Data suggests that brands are influenced by lo-fi content to increase ad recall and improve content views.

Why is this happening now?

Meta suggests it could be because of the accessibility to smartphones that gives us an unlimited audience.

Another theory is that brands need to share content faster and more often. Our attention spans are short!

The social media culture has changed dramatically. Users are increasingly sharing “real-life” stories and moments. They don’t expect perfection or polish from brands.

A study by YPulse revealed that 79% of users are tired of perfect images in advertisements.

Let’s look at six cultural codes Meta shared with us that brands can use.

#1: Real People Sharing Real Stories

Users are tired of ads that promise perfection. The reality is that the imagery doesn’t reflect our daily lives.

Brands that feature their employees or customers in real life can give credibility and, more importantly, a sense of relatability to your audience.

It adds authenticity to the brand’s experience by having the story told by someone else.

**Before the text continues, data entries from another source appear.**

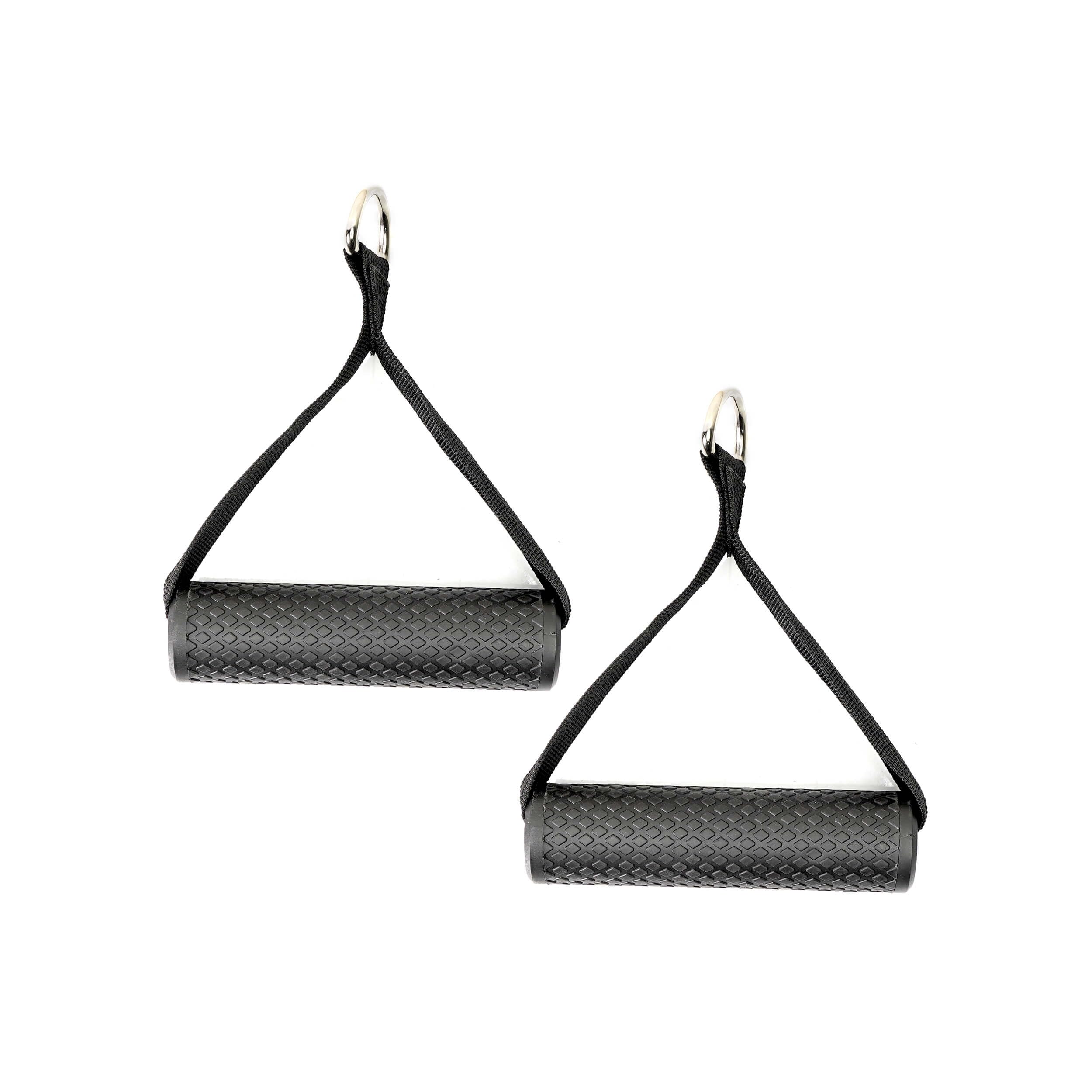 Bullrock Fitness D Cable Handle V3 Rubber | Cable Machine Attachment | Exercise Handle LAT Pulldown |Home and Gym Workout Cable Handles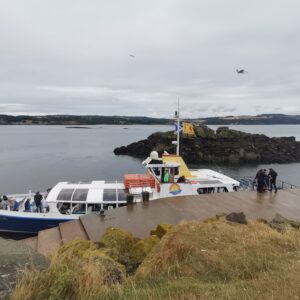 Bei Edinburgh Firth of Forth Bootanlegestelle Insel Inchcolm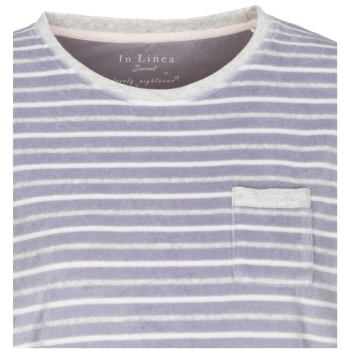 Preview: In Linea Damen langer Schlafanzug Secret Velours Pyjama lang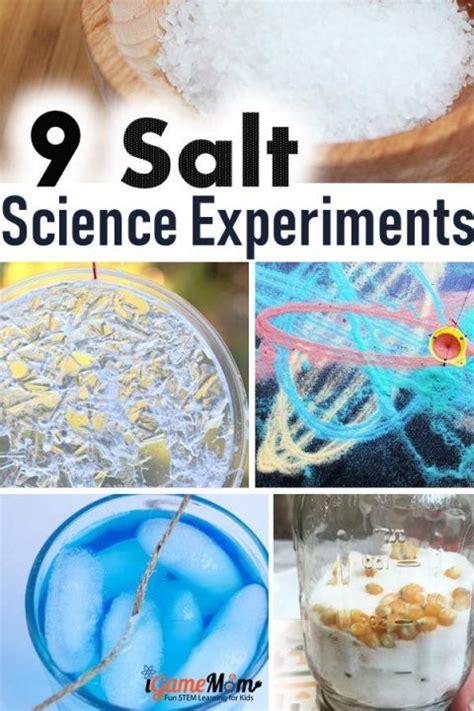 Easy Science Experiment With Salt Great For Science Cool And Easy Science Experiment - Cool And Easy Science Experiment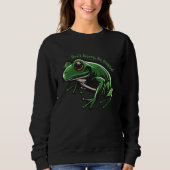 Don t worry be hoppy frog design trui (Voorkant)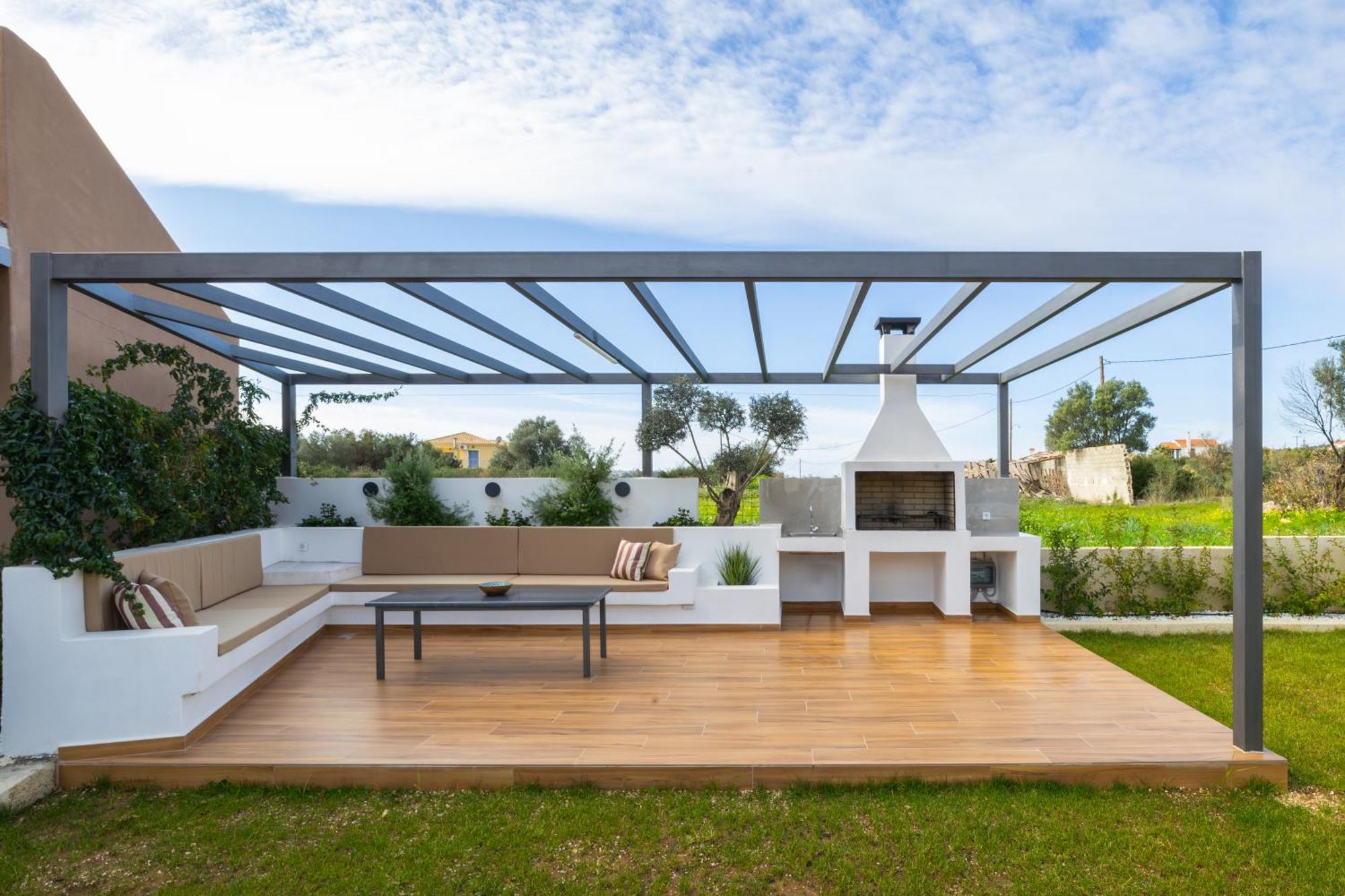Taras Villa Karavádhos Exterior foto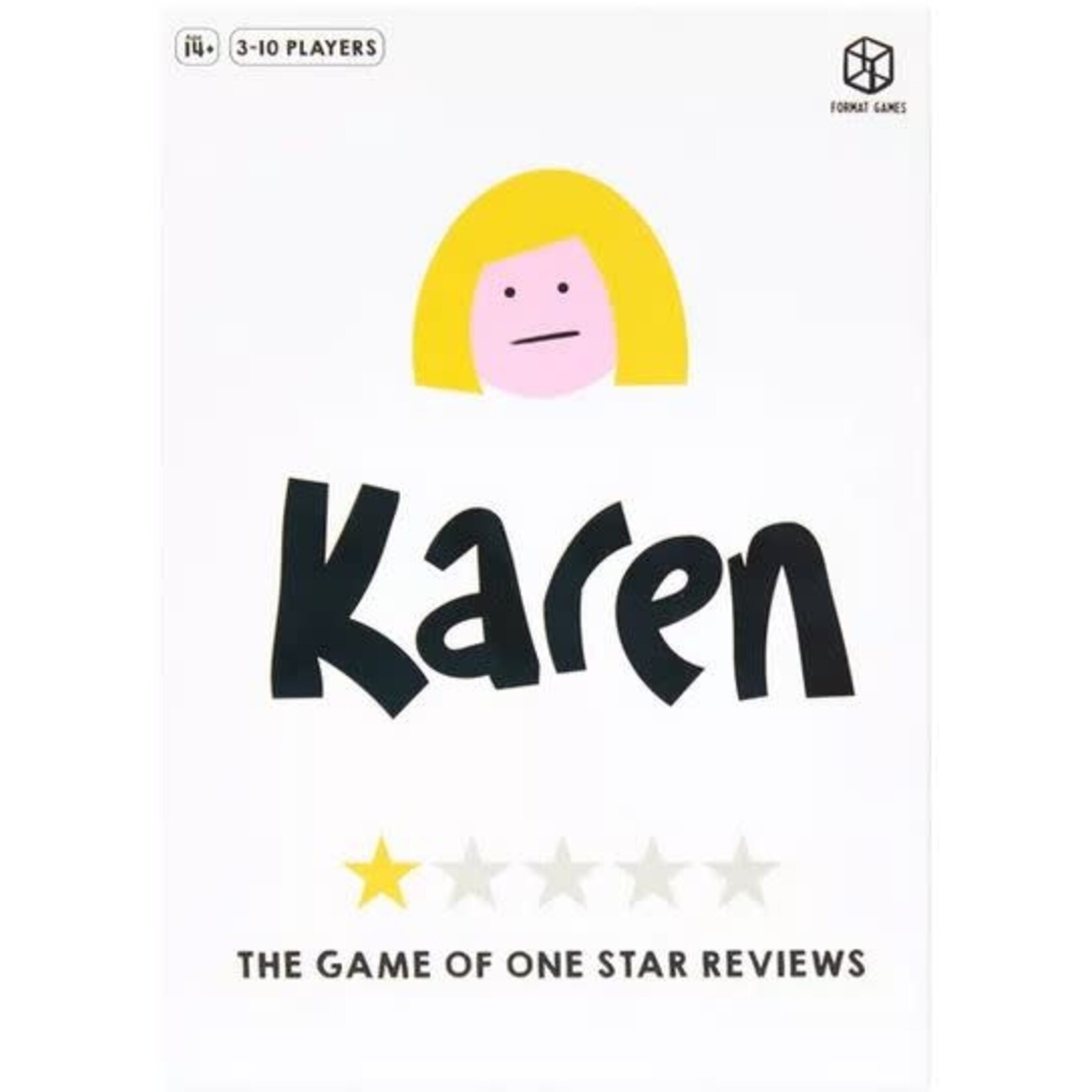 #12051 Karen: The Game of One Star Reviews Dragon Cache Used Game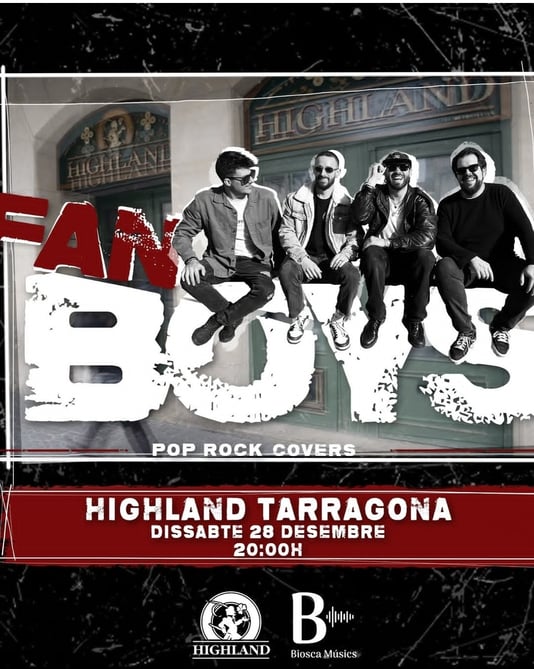 TARDEO FAN BOYS & HIGHLAND  { EN DIRECTO { POP ROCK & VERSIONES }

#2: Using Language Of The Platform

Brands can gain from the language of social platforms, but that doesn’t mean that language is literal (English, Spanish, etc.).

This means that brands can adopt and share recognized behavior across platforms. This could be an example of:

  • Create your version of a viral routine or dance
  • Use famous voiceovers or transition effects in videos

Language culture is essential because it provides reliability for the user.

#3: Building Relationships with Creators and Influencers To Increase Credibility

Meta’s research found that 63% of 18-34-year-olds trust the brand’s creator.

These people also trust creators more than the brand.

Context is the reason brands can reap the benefits of creator relationships.

Creators often have a way of telling a story about a brand or product in a way that brands cannot.

This makes your brand appear more authentic. Customers are being asked to trust other customers and not your own words.

You and your influencers can build credibility by using an outside source, such as a creator.

Cerebral is an online mental-health company. Cerebral has teamed up with Simone Biles (ex-medalist at the US Olympics) to promote mental health.

The ad uses an influencer to normalize discussion about mental health. Mental health can affect anyone, including celebrities and athletes.

#4: Taking users behind the scenes

Meta’s culture code is directly related to the study by YPulse mentioned earlier.

The users are sick of seeing unrealistic images and perfectly dressed-up photos.

Some users may find videos and imagery that are perfectly polished and unauthentic.

Taking users’ “behind-the-scenes” helps them to relate to you better. It doesn’t matter if you are sharing a “day in a life of” post with different departments or founders; it can help you show what your work is about.

They will learn what it takes for perfect content. It takes a lot more work than they realize!

#5: Using Lo-Fi Editing Techniques

Lo-fi editing and production tools are a competitive advantage for brands. These tools allow brands to portray a more handmade image than an airbrushed, polished look.

This is also a benefit from a relatability perspective because users don’t want perfection.

Some brands offer special classes to help you learn how to use lo-fi editing techniques and tools.

#6 – Using Humor to Break Down Boundaries

Brands that use humor in their content are more appealing to customers.

Humor can dispel a brand’s rigidity and need for perfection.

Charmin is an example of a brand that uses humor in its content. They devoured the #DollyPartonChallenge that was going vigorous and made it relatable to their trademark and their users.

It’s important to remember that humor can sometimes backfire. This Chase Bank example is an example.

Your users should read ads before you use them. Also, map any adverse reactions. In case of an emergency, it’s a good idea for you to have a plan for customer service.